Definitely appreciate input.
Yes, vertices and nodes are the same thing, but in a graph data structure, we have a list of Nodes (vertices) that contains a list of Edges.
I’m still in experiment mode, so unsure how connections will work (yet).
I’m in the midst of defining how Directions and Exits work and it’s not simple. In Inform 6, Directions are a part of the default Go verb (GO NORTH). But there’s so much cruft in that assumption. It’s easier to define Directions as their own thing like this:
public enum TokenType
{
Verb,
Noun,
Second,
Third,
Adjective,
Article,
Preposition,
Direction
}
In the Parser we now check for directions first. I had thought to make each direction its own Verb, but we lose a lot of compass fidelity that way (like handling going nowhere or anywhere by X).

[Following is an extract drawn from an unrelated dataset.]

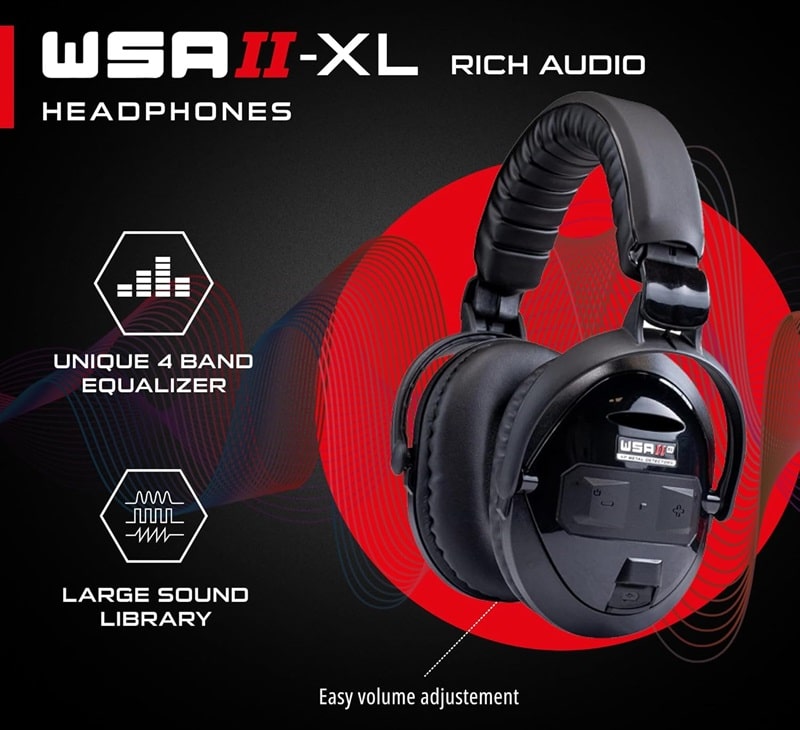 Tai nghe không dây WSAII-XL hiện đại, độ bền cao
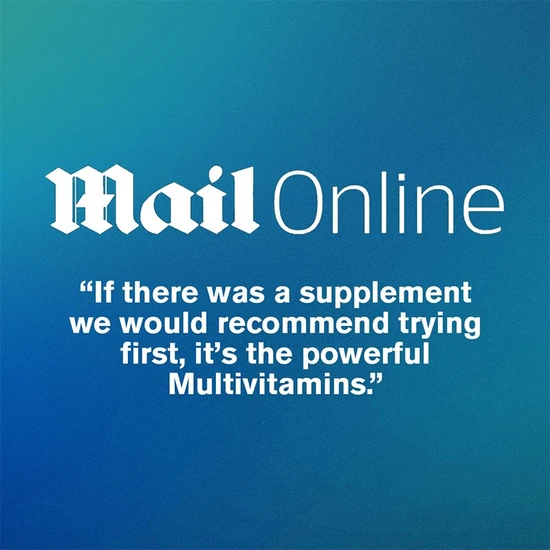 Dr Vegan Daily Multi-Vitamin Capsules 60 Capsules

But the graph itself will definitely have Edges that connect two Location Nodes. How I implement the Directionality is a work in progress. I’d started with adding a property on Start and End sides of the Edge for directions. First, we look for an Edge that shares two locations and then determine which directions are used. If I’m trying to go east from Location A, the shared Edge start property “east” should exist and if it doesn’t, you can’t go east from Location A.
However, we need to handle any failed directionality properly and allow the author to define success and failure. That’s where I am at the moment.
Note the code is at: ChicagoDave/chatgpt-ifplatform: I used ChatGPT-4 to design and code an Interactive Fiction platform on top of .NET/C#. (github.com) and compiles. If you have VSCode or Visual Studio, it’s easy enough to clone and run. Cross platform .NET Core too, so Mac, Linux, or Windows. And it’s a console app for now, so no GUI is needed.